═════ Given data

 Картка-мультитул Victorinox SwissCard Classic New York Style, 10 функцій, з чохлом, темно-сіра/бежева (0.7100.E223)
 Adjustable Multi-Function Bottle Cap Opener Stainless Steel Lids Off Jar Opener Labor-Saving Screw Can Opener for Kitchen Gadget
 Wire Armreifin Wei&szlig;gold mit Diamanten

══════════
═════ Given data

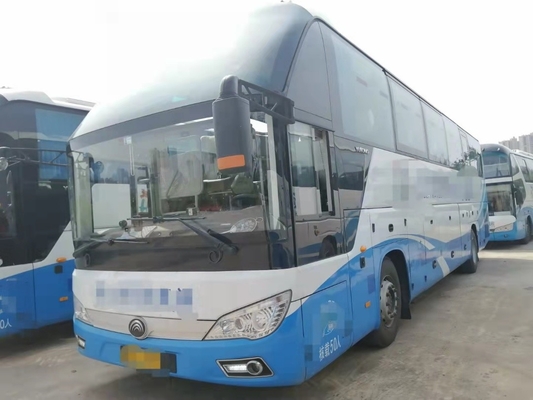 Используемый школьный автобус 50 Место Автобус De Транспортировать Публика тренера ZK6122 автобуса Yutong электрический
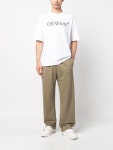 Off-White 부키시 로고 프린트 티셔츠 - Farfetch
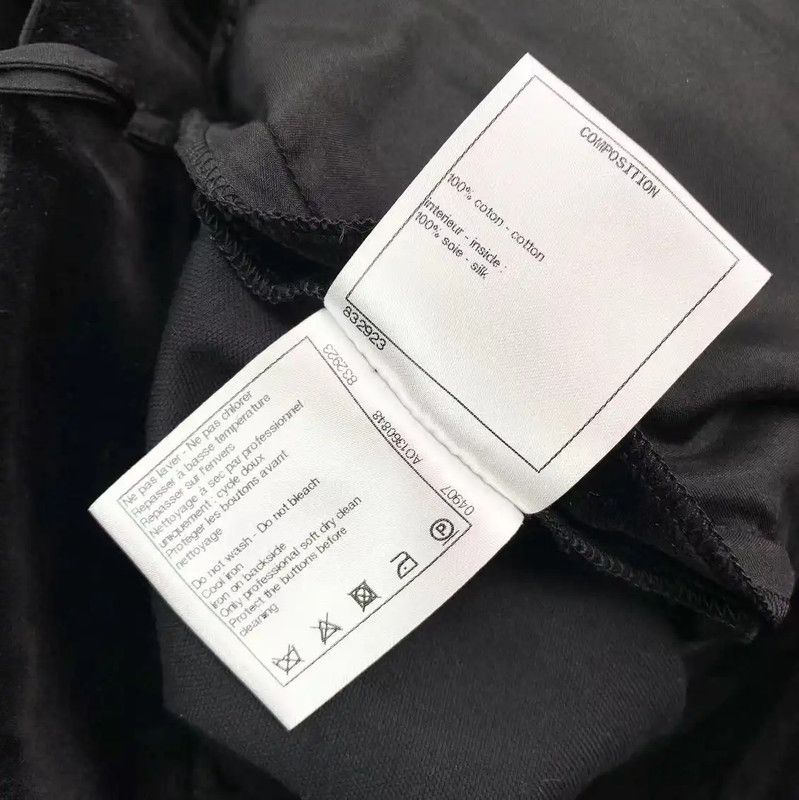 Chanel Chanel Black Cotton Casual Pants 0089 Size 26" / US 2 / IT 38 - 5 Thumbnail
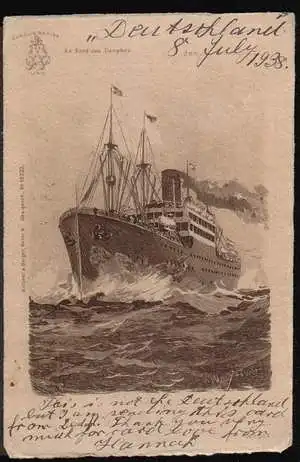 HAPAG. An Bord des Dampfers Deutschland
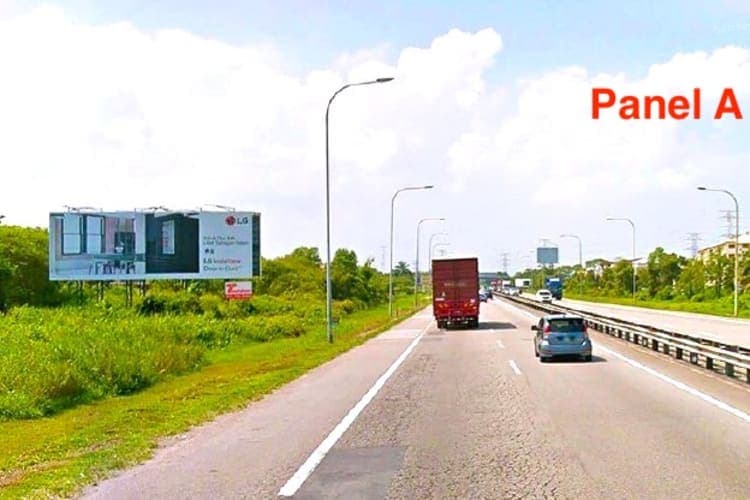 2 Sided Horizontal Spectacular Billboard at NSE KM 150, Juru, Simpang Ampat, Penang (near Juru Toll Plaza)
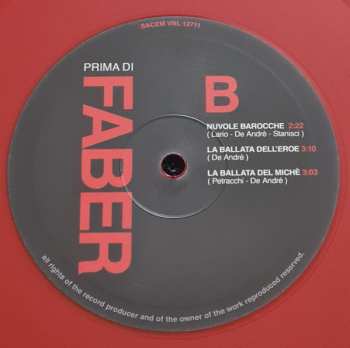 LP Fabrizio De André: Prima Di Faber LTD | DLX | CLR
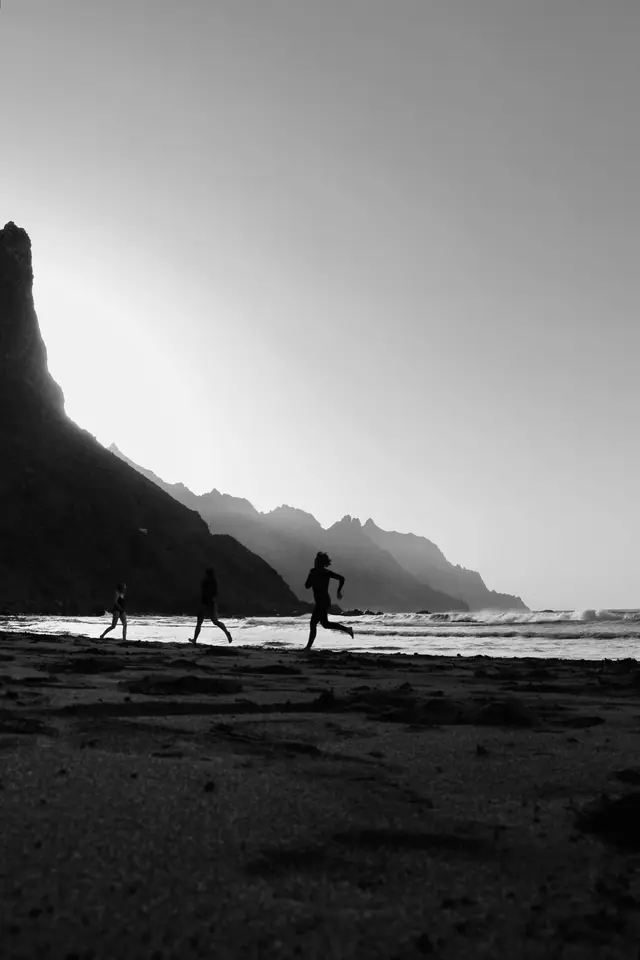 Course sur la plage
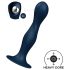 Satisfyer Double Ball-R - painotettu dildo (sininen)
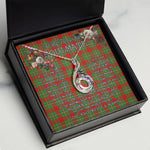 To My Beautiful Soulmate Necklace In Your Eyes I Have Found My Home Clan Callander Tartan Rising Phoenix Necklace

══════════

### Problem
Using the data above, return the lines from the one holding "Используемый школьный автобус" through the one holding "To My Beautiful" exactly, but not the pictures.

### Solved exercise
 Используемый школьный автобус 50 Место Автобус De Транспортировать Публика тренера ZK6122 автобуса Yutong электрический
 Off-White 부키시 로고 프린트 티셔츠 - Farfetch
 Chanel Chanel Black Cotton Casual Pants 0089 Size 26" / US 2 / IT 38 - 5 Thumbnail
 HAPAG. An Bord des Dampfers Deutschland
 2 Sided Horizontal Spectacular Billboard at NSE KM 150, Juru, Simpang Ampat, Penang (near Juru Toll Plaza)
 LP Fabrizio De André: Prima Di Faber LTD | DLX | CLR
 Course sur la plage
 Satisfyer Double Ball-R - painotettu dildo (sininen)
 To My Beautiful Soulmate Necklace In Your Eyes I Have Found My Home Clan Callander Tartan Rising Phoenix Necklace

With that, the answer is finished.